May 27, 2015 | 4 min read

Snapchat chief executive Evan Spiegel has revealed plans are underway to sell shares of the ephemeral message service on the stock exchange and has no desire to entertain any acquisition offers – like Facebook’s £3bn bid two years ago.

It marks the first acknowledgment from the usually tightlipped Spiegel that an initial public offering (IPO) for his app is imminent, offering the clearest indication yet about his financial plans for the business he founded four years ago. The messaging service, which is popular with younger users, has shied away from discussing business plans in the past though has been forced to change tact in recent times as its long-term future has increasingly been questioned by investors and industry observers alike

“We really need an initial public offering (IPO),” Spiegel told attendees at the Recode Code conference yesterday (26 May). “We have a plan for that.”

He declined to offer any further detail such as the IPO's timing but talked up the value of the platform, which is tipped to be worth $15bn. Snapchat now has nearly 100 million daily active users in “developed markets”, he continued with a significance portion of those actually sharing their own content.

“What’s important is that 65 per cent of [those users] are creating content,” Spiegel added. “That gives you some sense of the investment that Snapchatters are making”.

Despite its emergence as a force on the social media scene, Snapchat has generated very little revenue. While much of this has stemmed from a reluctance to spurn its valuable, younger userbase by bombarding them with ads, lately the business has started to get serious about how it monetises that traffic. In January, it began serving branded content from publishers such as CNN, Yahoo News and ESPN and in the same month poached leading tech banker Imran Khan from Credit Suisse to become its chief strategy officer.
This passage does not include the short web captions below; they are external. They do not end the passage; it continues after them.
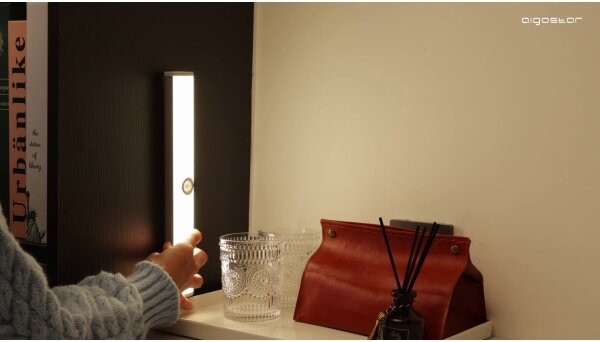 Aigostar LED nabíjacie osvetlenie nábytku so senzorom 1,5W 4000K 5V
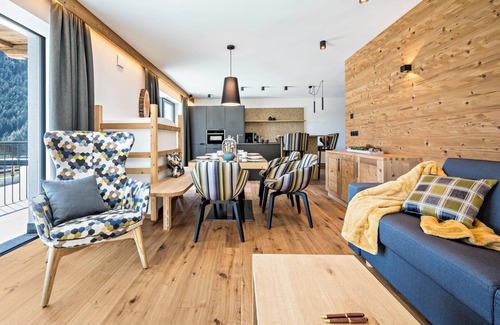 Valles Apartment | Apartment "Mulin Rudl" next to the Skiing Area with Mountain View, Sauna & Balcony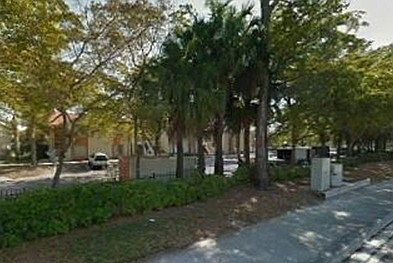 1st image of 1031 The Pointe Dr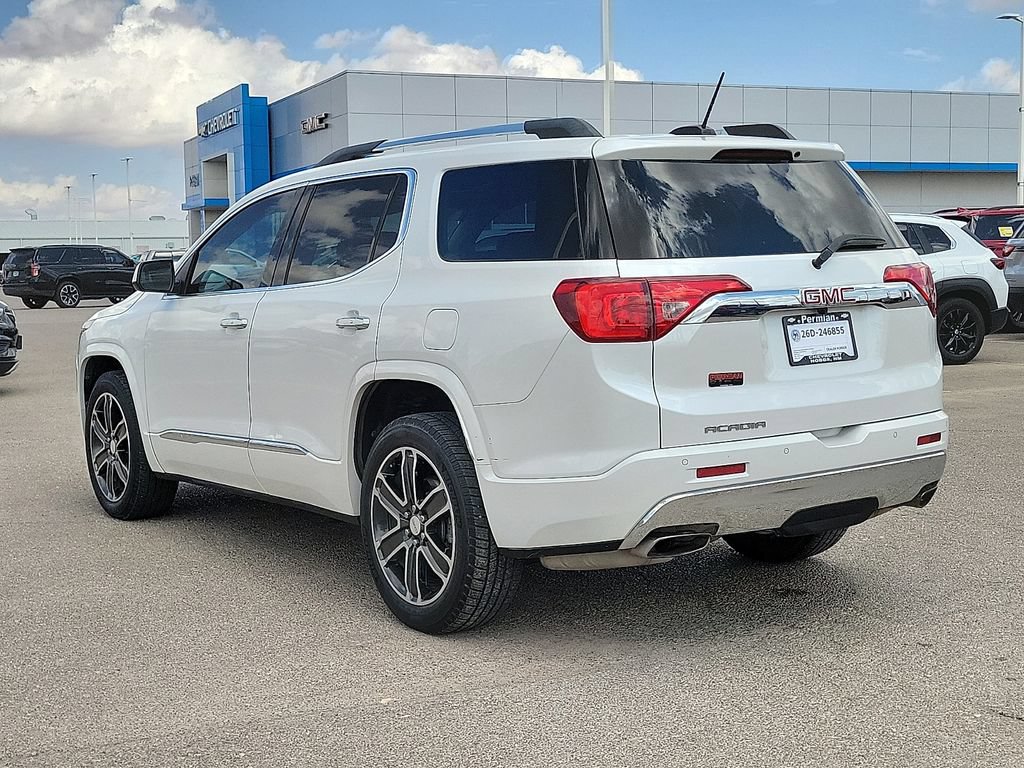 Used 2018 GMC Acadia Denali w/ Technology Package FWD image 8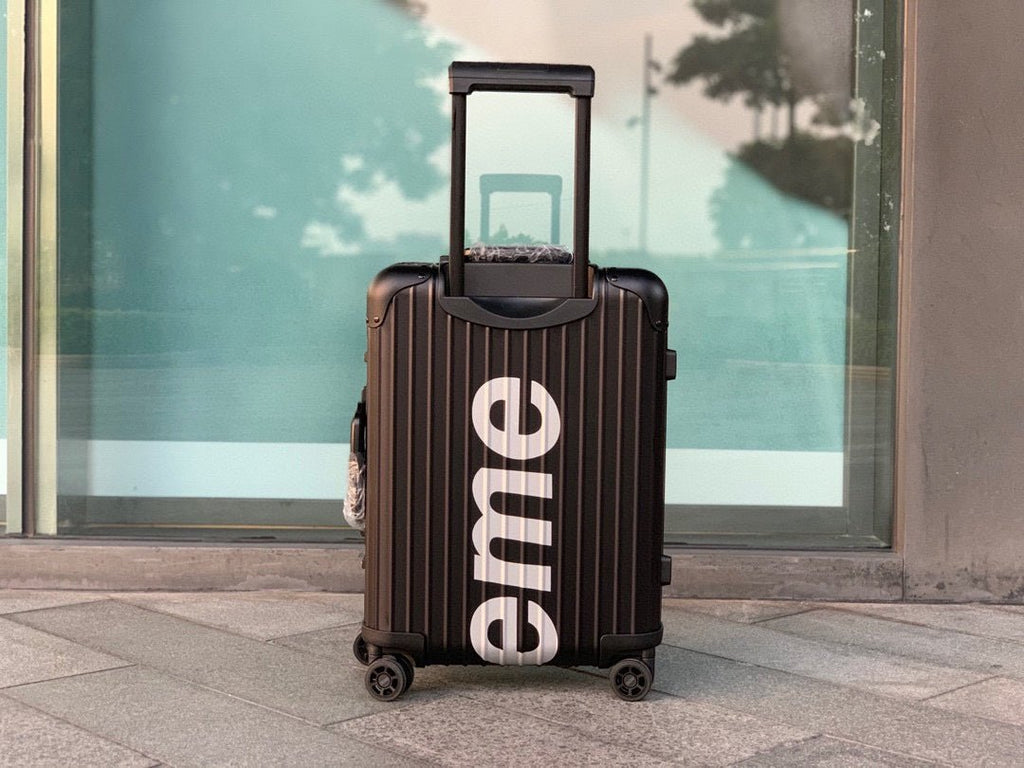 Louis Vuitton x Supreme Rolling Vali In Black 22 Inch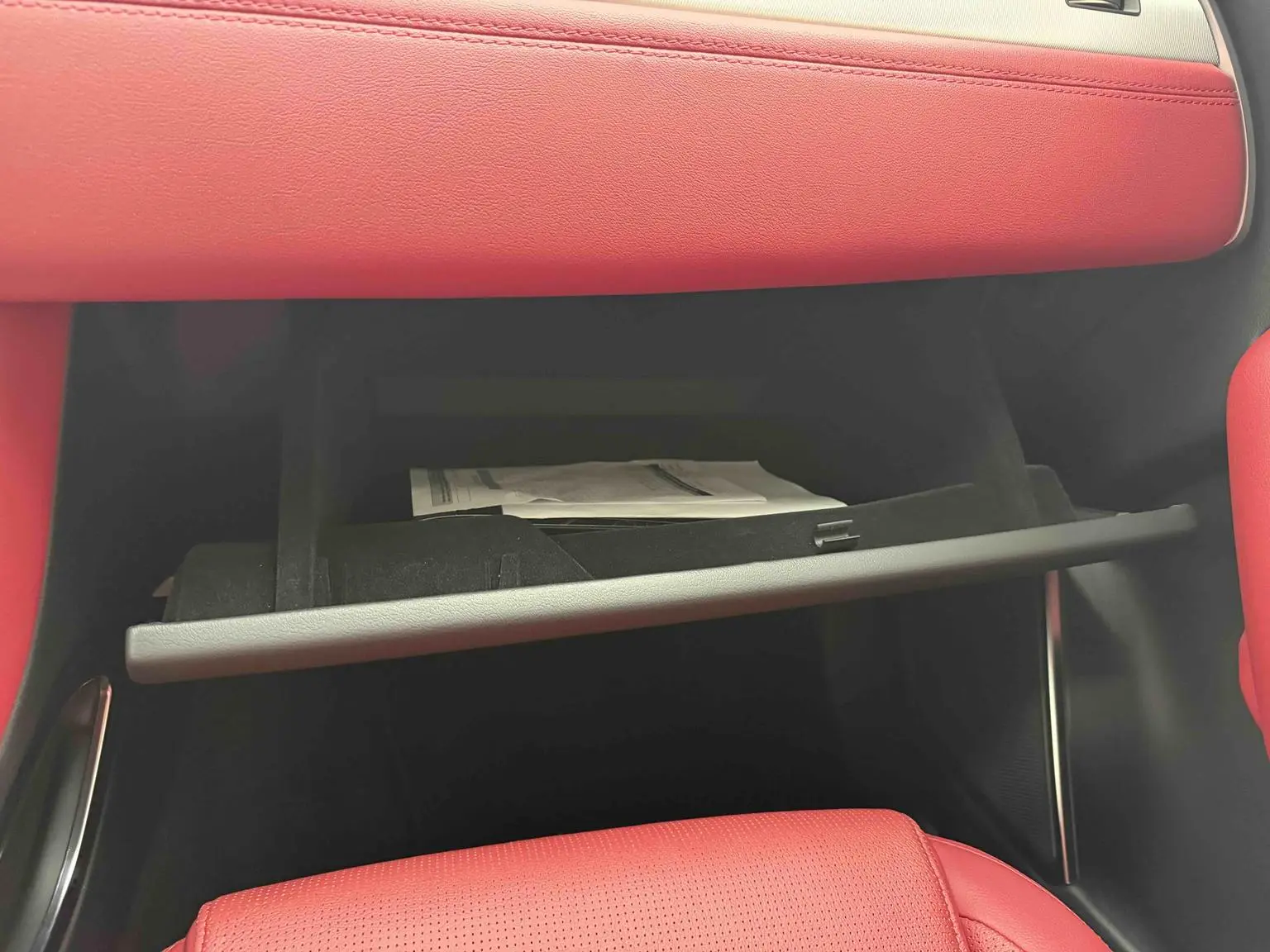 Jaguar F-PACE 2024 P250 R-Dynamic SE
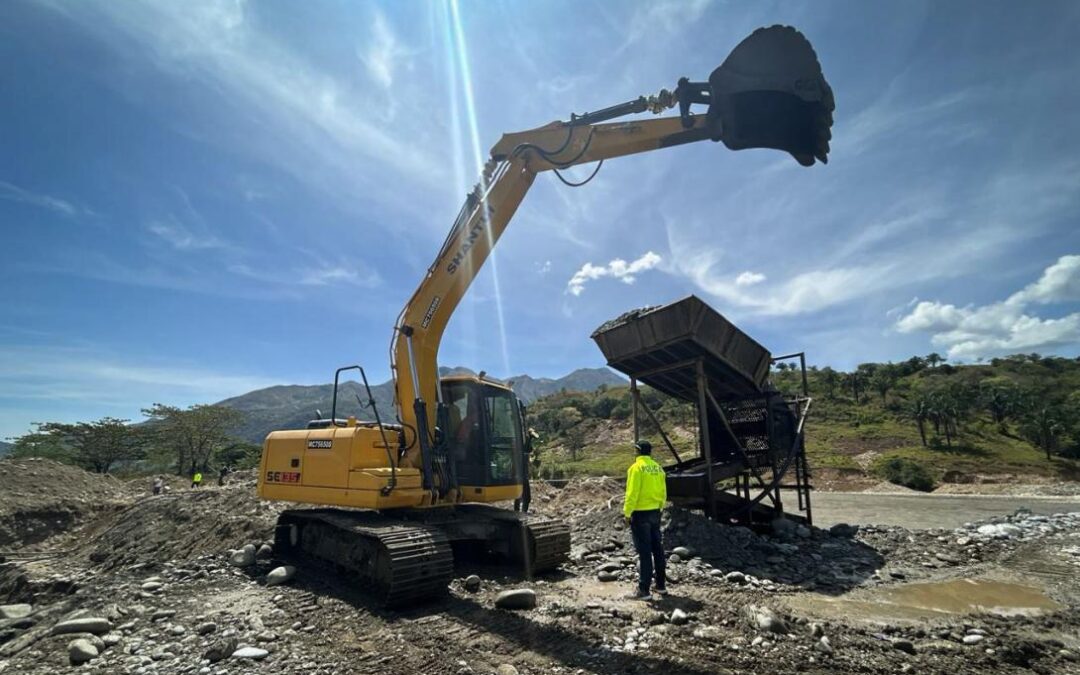 Vías blindadas en Tolima: Restringen maquinaria pesada por fin de año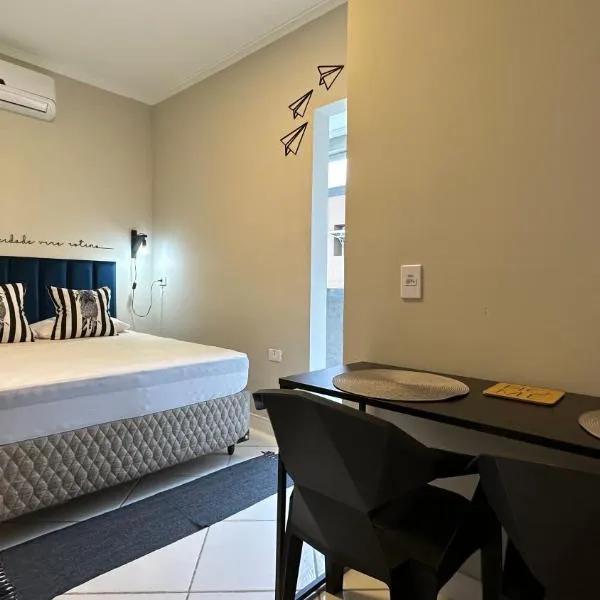 Studio com ar e garagem - Praia das Pitangueiras, hotel in Guarujá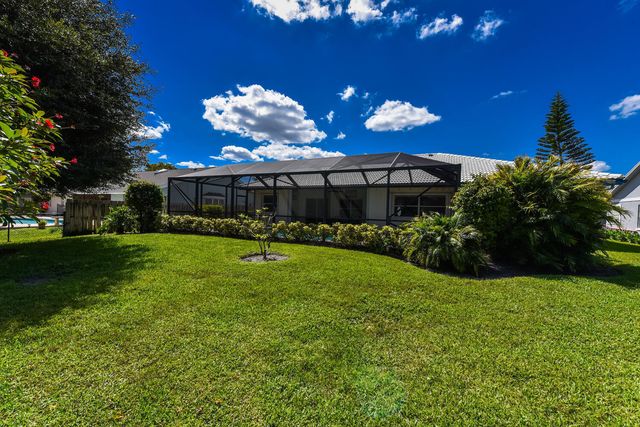 1935 Primrose Lane, Wellington, FL 33414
It also plans to send out pitch book to advertisers, compelte with data showing that more than 60 per cent of 13-to-34 year old smartphone users in the US are active Snapchatters, Bloomberg reported. Spiegel also told Bloomberg that the message app’s users now watch two billion users a day – that’s half the number of those on Facebook though the social network is ten times larger.

The business has repeatedly stressed the importance of ads adding to its experience rather than detracting from it, an issue Spiegel brought into sharp focus during his interview with Recode. He spoke about how the company’s priorities are now focused on the time people spend with the service instead of just the number of them that log in.

The moves suggest a more robust, sustainable business plan for the business, something which was all but confirmed by Spiegel’s claim that he needed to grow Snapchat as “fast as humanly possible”.

He went on to dismiss that the Snacphat’s red hot streak would lead to it being bought out. Spiegel famously rejected Facebook’s $3bn bid for his company in 2013, a decision which at the time was publically derided by observers at the time but was vindicated late last year when a fundraising round swelled its value to $10bn. Snapchat’s worth has since rocketed even further to $15bn after a cash injection from Chinese ecommerce group Alibaba in March.